Approaches to Verifiable Machine Learning
The scorer's dilemma
As a credit scorer off-chain, it is advantageous to be able to prove properties of the model and the method of computation of any score without revealing the exact model. This is the ultimate setup for most blockchain applications, where data is stored on-chain, but computation is done off-chain and only proofs are produced on-chain. As such, there is no reason why these proofs of computations should only exist for valid state transitions (as in zk-rollups), but instead can extend to arbitrarily complex computations that can be cast in the form of a zk-proof setup.
A starting model: ZKP for Decision Trees
The structure of Decision Trees is similar to that of a Merkle Tree and as a result, Zero-Knowledge for Decision Trees can be viewed as an idea which combines Merkle Trees and SNARK proofs at a high level.
Steps to produce a proof that a Decision Tree performed as expected:
- We first train the decision tree using the public blockchain activity.
- The next step is to merkle-ize the decision tree. This allows one to cryptographically commit to the decision tree. When a user interacts with the system, they can check using the commitment that the model is committed to before assigning them their credit score, proving that no ad-hoc changes occur to the model causing biases in score classification.

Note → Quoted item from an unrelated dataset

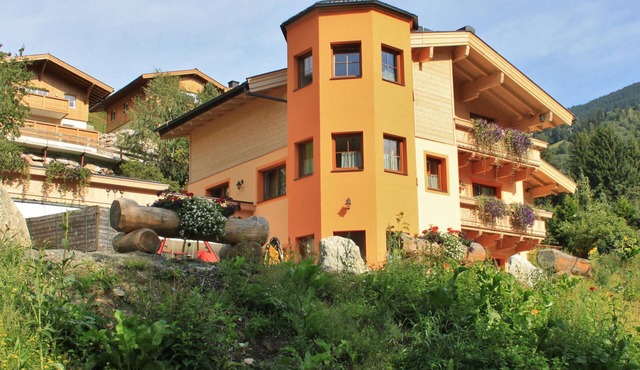 Chalet with sauna on the slopes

- The final step is to produce proofs that the credit score was calculated honestly (with the blockchain data and the committed decision tree)
The model flow
zk-SNARKs are used to hide the particular path in the decision tree to prevent users from collaborating to learn model parameters. The statement we prove is that we have a valid path in the tree corresponding to the commitment, without revealing the path itself.